The Pull of Nostalgia: Longing for a Past That Shapes the Present
How revisiting a beloved alma mater stirs memories of youth, friendship, and the unchanging power of human connection in the face of life's inevitable changes.
Nostalgia is a powerful thing.
We’re at the stage of parenting where we are doing college tours. More precisely, we have gone on one college visit. My eldest has friends attending my alma mater, Franciscan University of Steubenville, Ohio, and so she requested that I take her there on Columbus Day weekend so she can do the prospective student tour and then spend time with friends she has only known through her online homeschooling group. Of course, I am not opposed to visiting the college I attended three decades ago and have only been back to visit once, about 5 years ago. The four years I spent there were some of the best of my life and I would like to see how things have changed.
We drove the 11 hours out to Steubenville from the Boston area and stayed with friends, who graciously opened their home to us. On Friday we got the full college visit experience: She sat in on a class, I attended presentations on finances and campus life and we got a tour from an earnest, bubbly young student. I spent a lot of time pointing out to my daughter all the ways the place has changed, the buildings that were new when I was a student that look in need of repair now and all the buildings and facilities that are new.
I was very impressed with the school and how much has changed and how much hasn’t. Apart from the new buildings and the new majors, there’s the way technology suffuses student life. So much happens online and through their phones. Laptops in the classroom were just starting to happen back in the mid-90s; I was one of the first to take my notes on one at our school. Now laptops are everywhere. But there is so much that hasn’t changed, like the vitality of student interactions. There is the sheer joy and excitement, the newly minted adulthood, and newly found freedoms. I can see why some people love to work in higher education to see a constant influx of young people who cycle through their four years and emerge as adults, ready to take on the world and the rest of their lives.
Coming to Steubenville, we weren’t sure if Isabella was even going to go to college. We’re still working with her to discern her future path, especially given the expense. We’re certainly not among those parents who think that college is a requirement for success in life. There are many paths to fulfillment of vocation and college is only one of them (and the most expensive).

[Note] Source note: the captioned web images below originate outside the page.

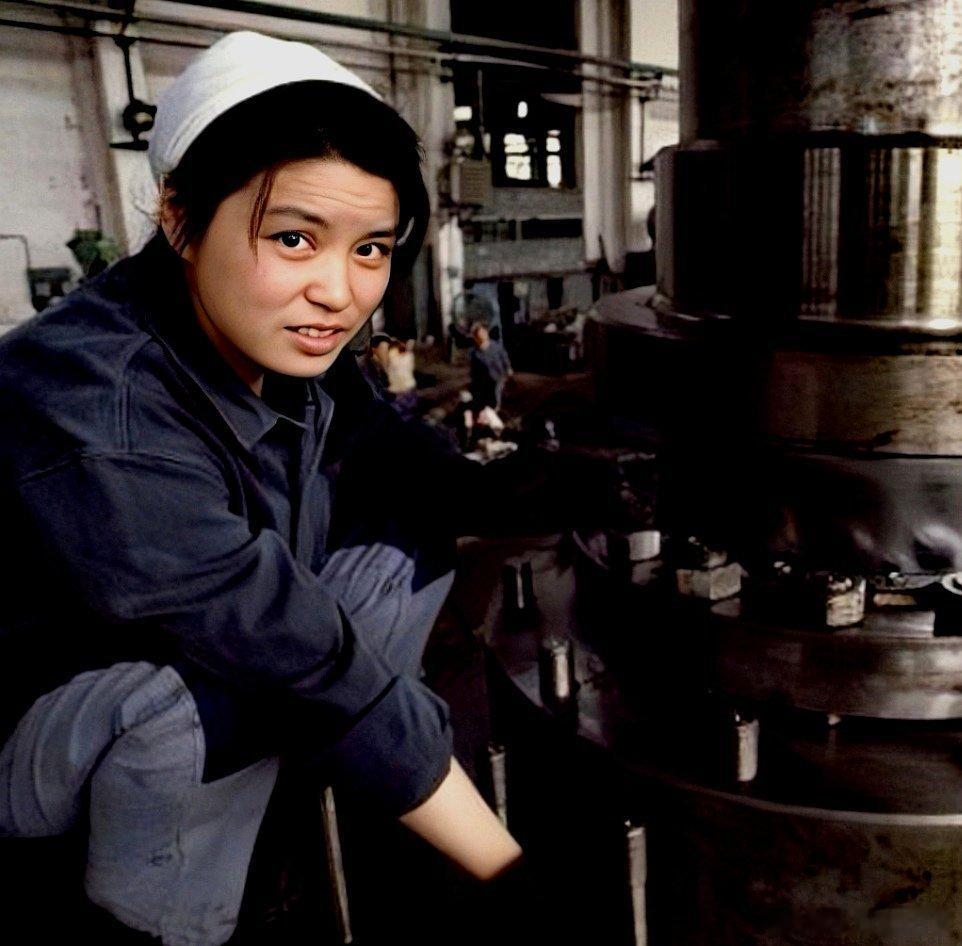 中国大陆1970年代的国营工厂青年女工 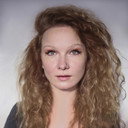 Anna Rakhvalova als Sarah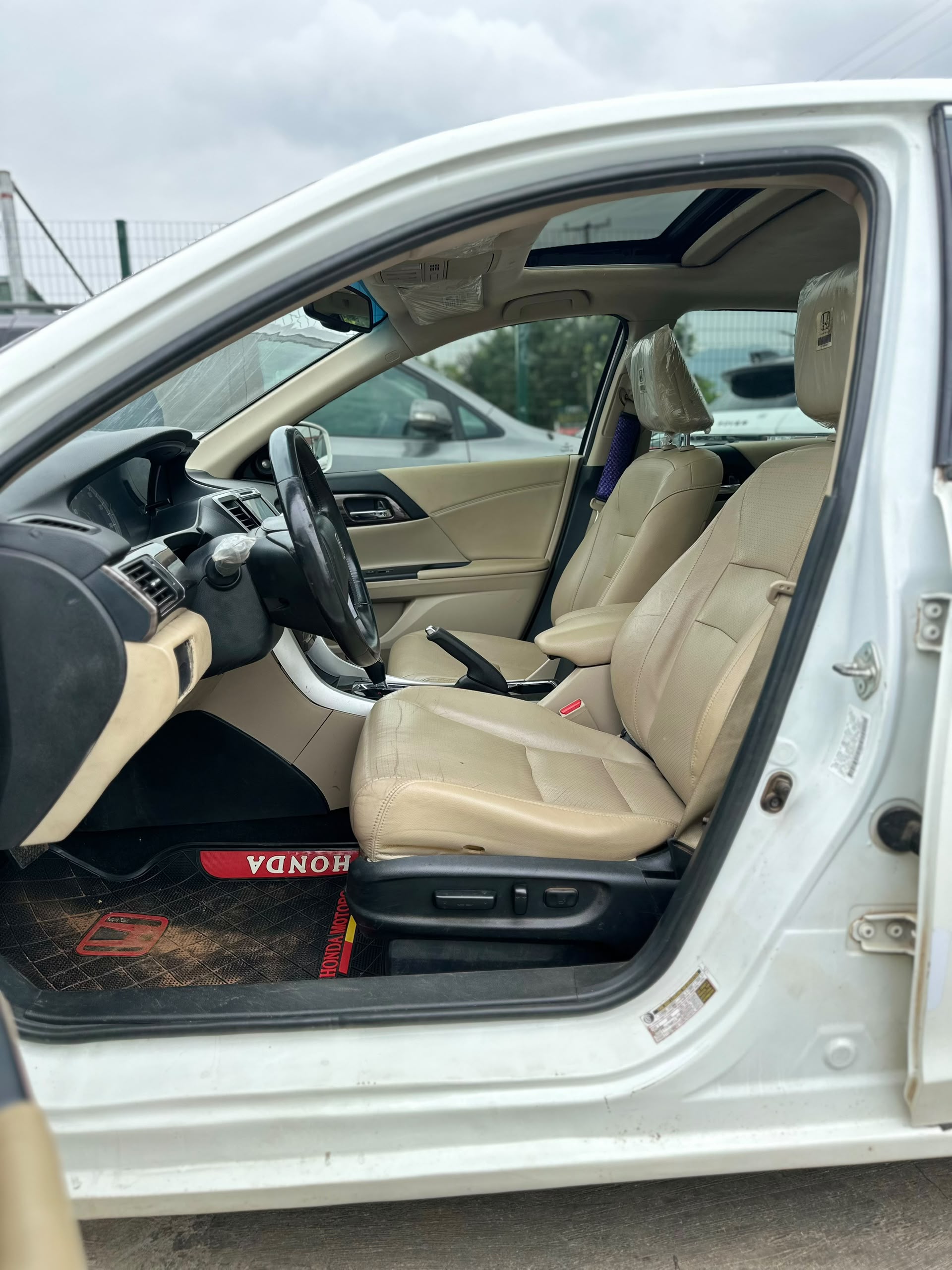 
								EXTREMELY CLEAN 2016 HONDA ACCORD V6 IN EXCELLENT CONDITION, FULL OPTION UNTAMPERED ENGINE, GEAR AND AC WITH ORIGINAL CUSTOM DUTY GOING FOR   💰11M 📍Abuja Gwarinpa full									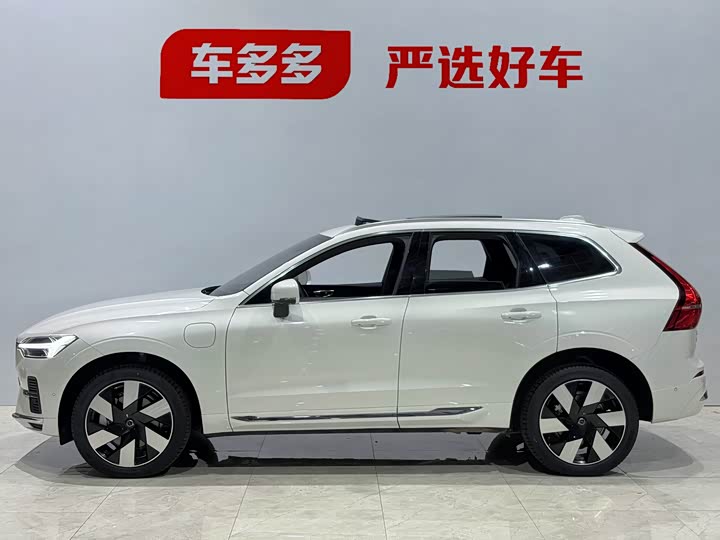 Volvo XC60 Hybrid, 2024 — фото 4 из 9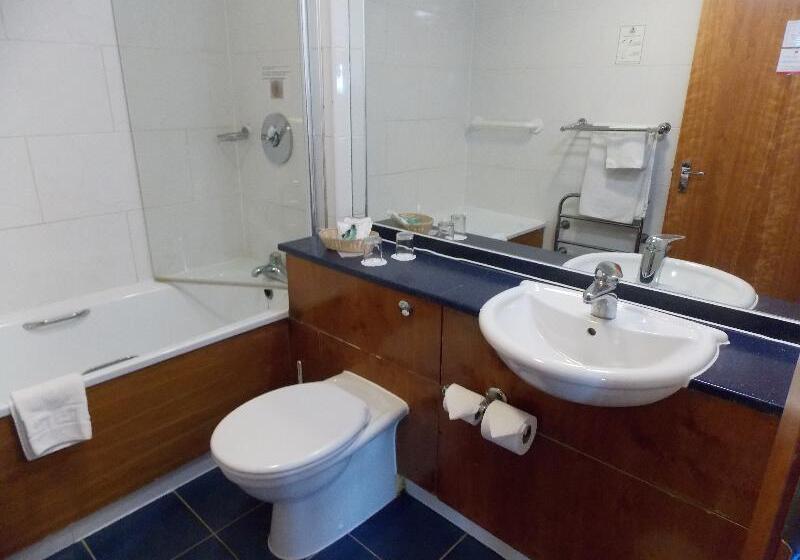 Люкс, London Wembley International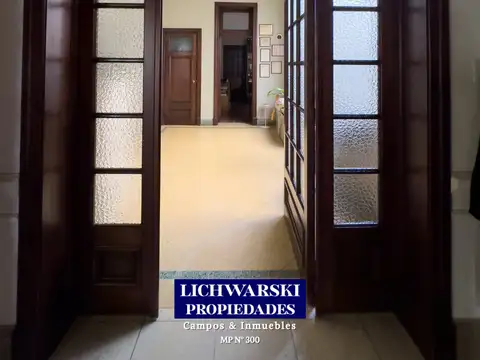 Casa en Venta con 3 cocheras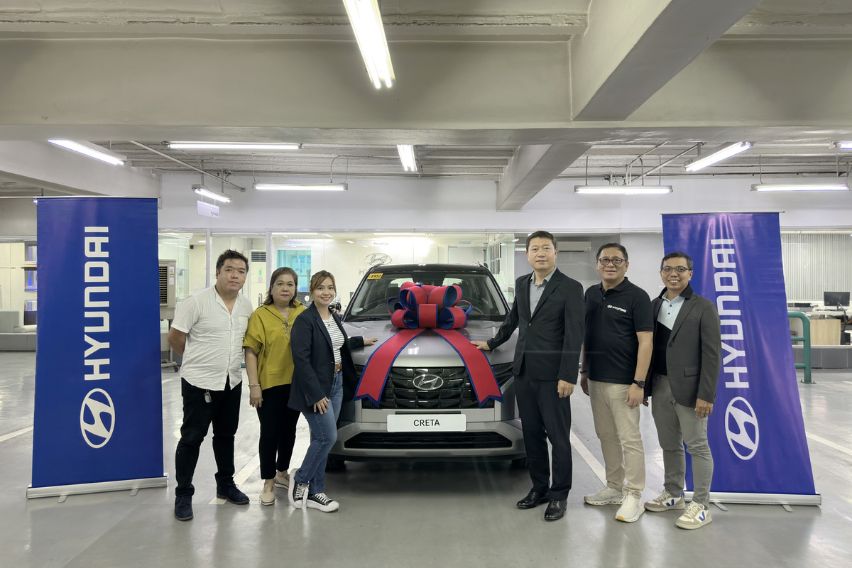Hyundai Motor PH hands over brand-new Creta GLS to raffle winner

The sales pitch is a good one, though. By the end of the day, I wanted to re-enroll and come back to study. It would be awesome. To be a student at Steubenville these days. I would love to live on campus in the new dorms and go to class in the new buildings, hang out in the new student center, and live in the city again where you no longer have coal dust clogging your lungs.
I started to feel an intense longing for the old days when I was student at Steubenville in the mid-90s. I thought about my old friendships and the incredible experiences we had. Even then I knew I needed to commit them to memory because I would never experience that time again. There haven’t been a lot of times in the past 30 years where I longed to go back. Honestly, I’ve felt more longing for my childhood in Canton, Mass. with my family. But this weekend, the feelings of loss, the intense desire in my heart to have that time again has appeared. I wonder if this is why parents so often want their children to attend their alma maters, so they can vicariously “go home” again.
I know there were plenty of hard times in my school days, heartbreak, loneliness, disappointment, and failure. But human nature is funny. It can be so easy for the good memories of laughter, excitement, joy, and love to crowd out the bad ones or least to lessen their impact. Every woman who has given birth twice has experienced that, where the memory of the pain and suffering of the first pregnancy and birth is overshadowed by the joy of that first newborn baby. So I sit here with my nostalgia, longing for days that will never come again.
And that’s okay. I know that my future holds even more amazing experiences. As does my present with these days of my nearly grown children still at home with us, giving us our joy in these moments. Soon enough my empty house will give me even more reason for nostalgia.
I’m glad to have visited my past this weekend. I’ll be glad to return to my present next week. If my daughter or one of my other children decide to become a student at my alma mater, I look forward to many more opportunities for nostalgia. And if not, I will always hold a special place in my memories of my college time, alongside all the other special times and place of my life.
I miss the old days, mostly because my body felt new and good as opposed to this 56 year old model!
So interesting to hear your perspective. I am glad you and Bella have some time together too. It’s funny that Jeff and I have no desire to go back to our Alma mater, despite having met there. Sometimes a school is just a school. I’m glad that many people love their colleges. I think I may miss my grad school experience—though mostly online—more than my undergrad.